Starting at the top of the entries below, write out each line up to and including the one containing "Aspire V Neck Scrub Top - Black". Leave the pictures out.

BEGIN DATA TO USE

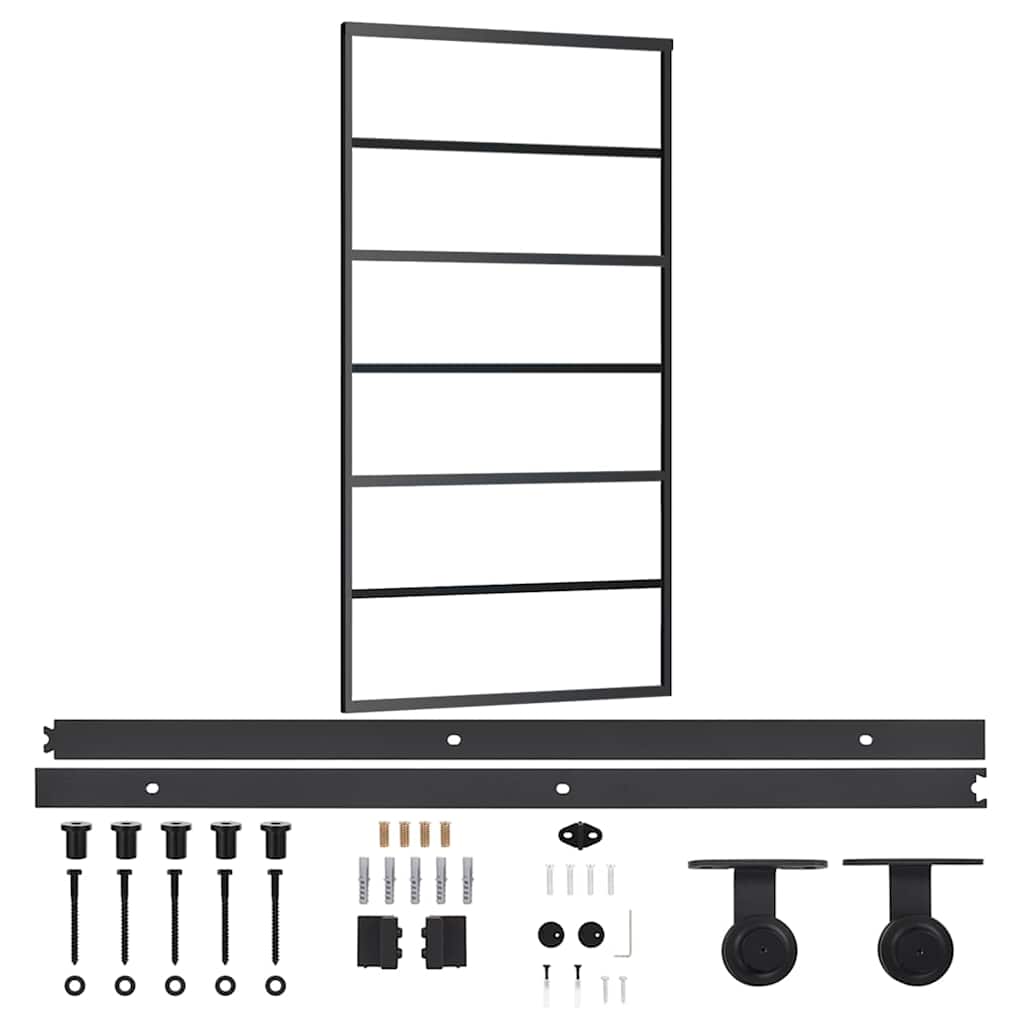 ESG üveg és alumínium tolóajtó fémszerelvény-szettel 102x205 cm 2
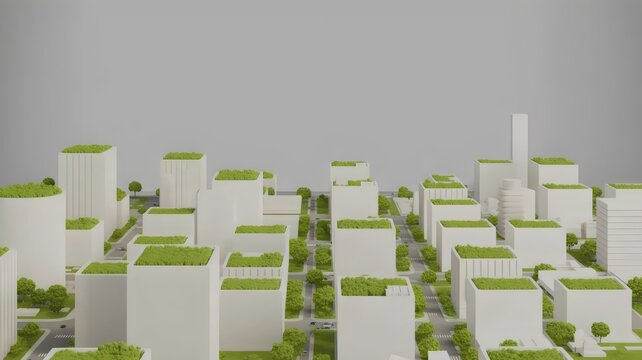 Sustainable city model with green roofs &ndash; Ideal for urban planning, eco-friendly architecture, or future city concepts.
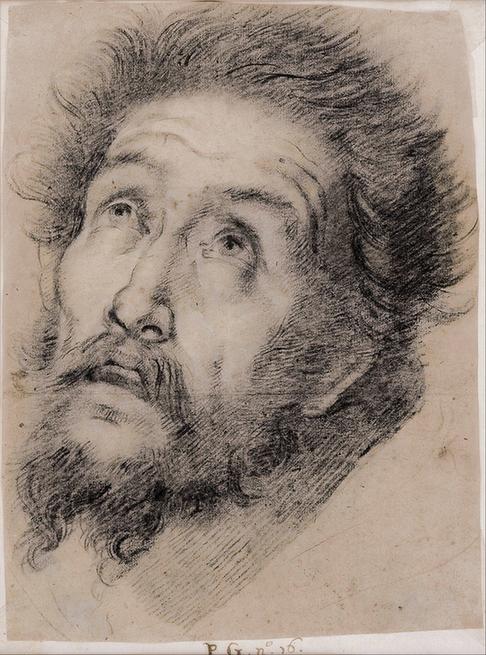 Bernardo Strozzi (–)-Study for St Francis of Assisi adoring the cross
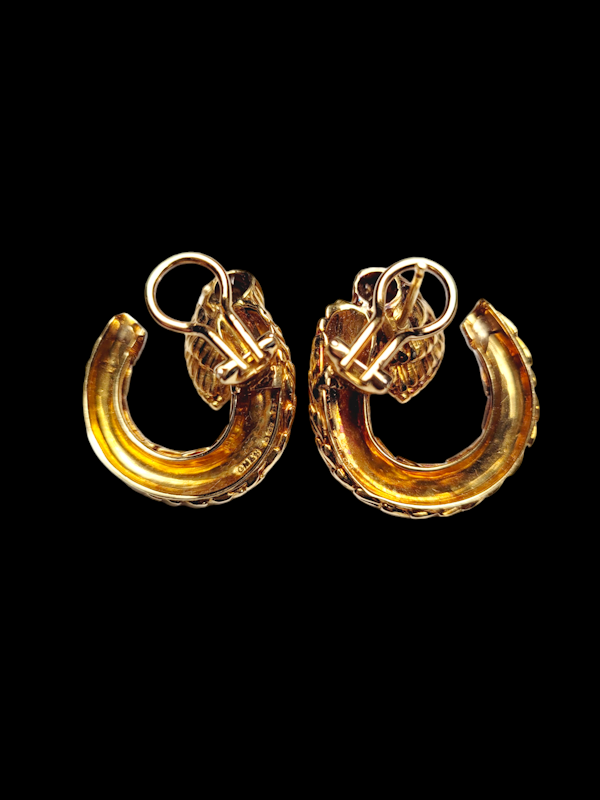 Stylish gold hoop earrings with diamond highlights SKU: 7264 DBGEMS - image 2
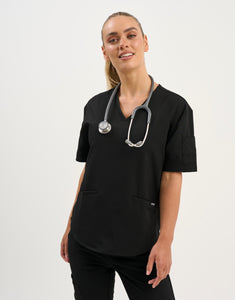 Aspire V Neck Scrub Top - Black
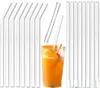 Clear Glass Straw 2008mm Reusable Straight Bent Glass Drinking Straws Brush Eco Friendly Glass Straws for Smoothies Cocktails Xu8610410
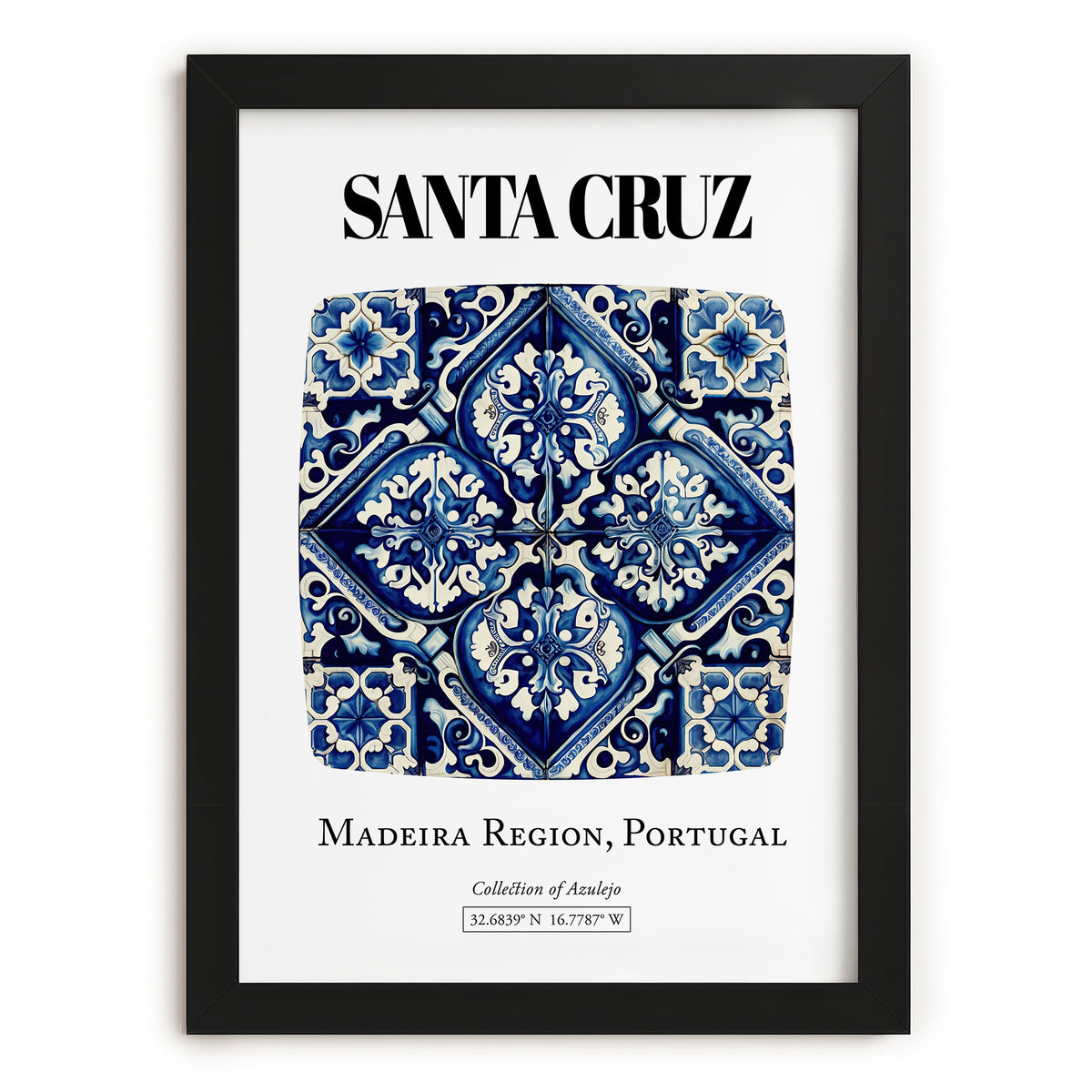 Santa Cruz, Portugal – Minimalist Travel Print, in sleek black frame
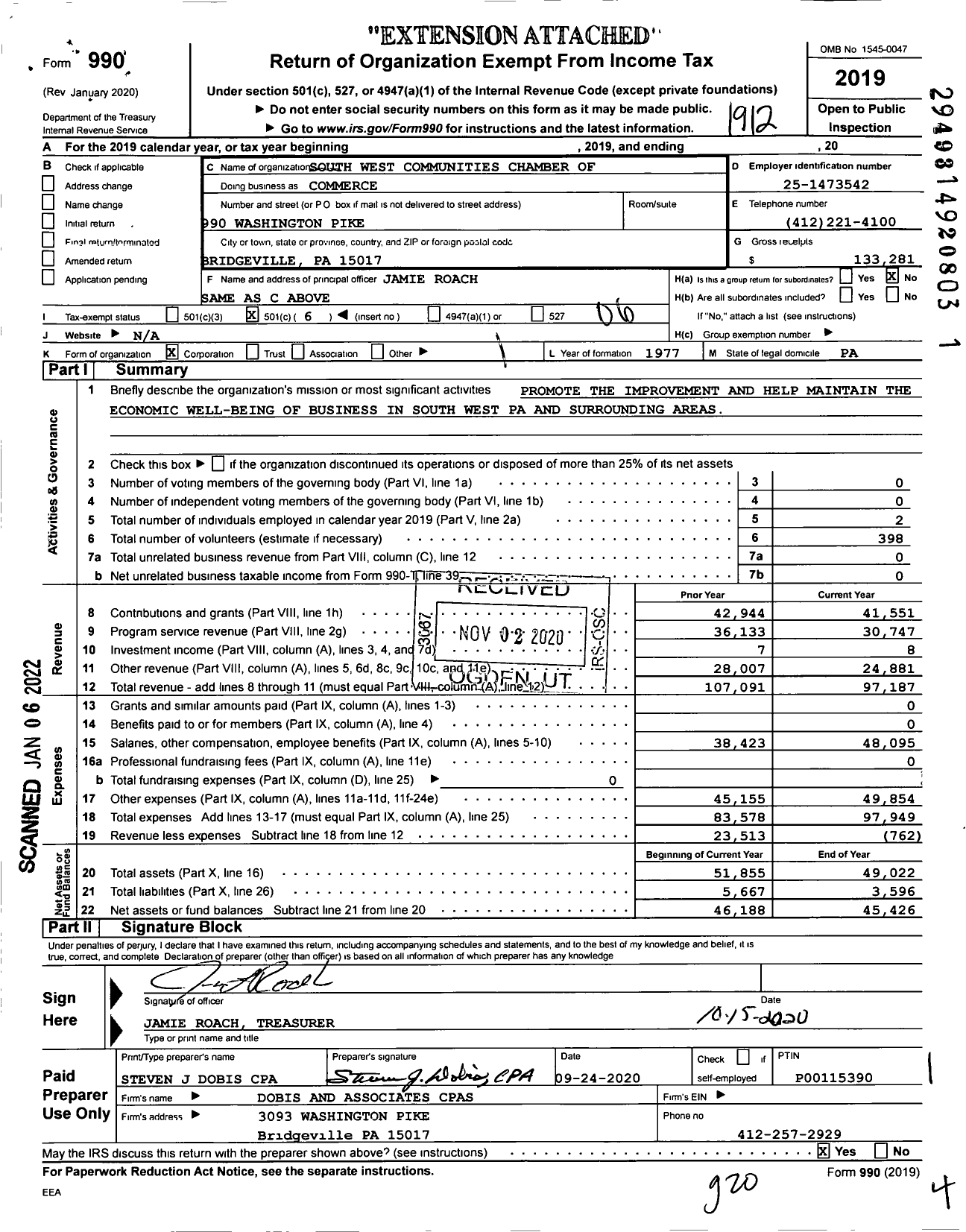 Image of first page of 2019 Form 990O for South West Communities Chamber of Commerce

END DATA TO USE

EXERCISE OUTPUT:
 ESG üveg és alumínium tolóajtó fémszerelvény-szettel 102x205 cm 2
 Sustainable city model with green roofs &ndash; Ideal for urban planning, eco-friendly architecture, or future city concepts.
 Bernardo Strozzi (–)-Study for St Francis of Assisi adoring the cross
 Stylish gold hoop earrings with diamond highlights SKU: 7264 DBGEMS - image 2
 Aspire V Neck Scrub Top - Black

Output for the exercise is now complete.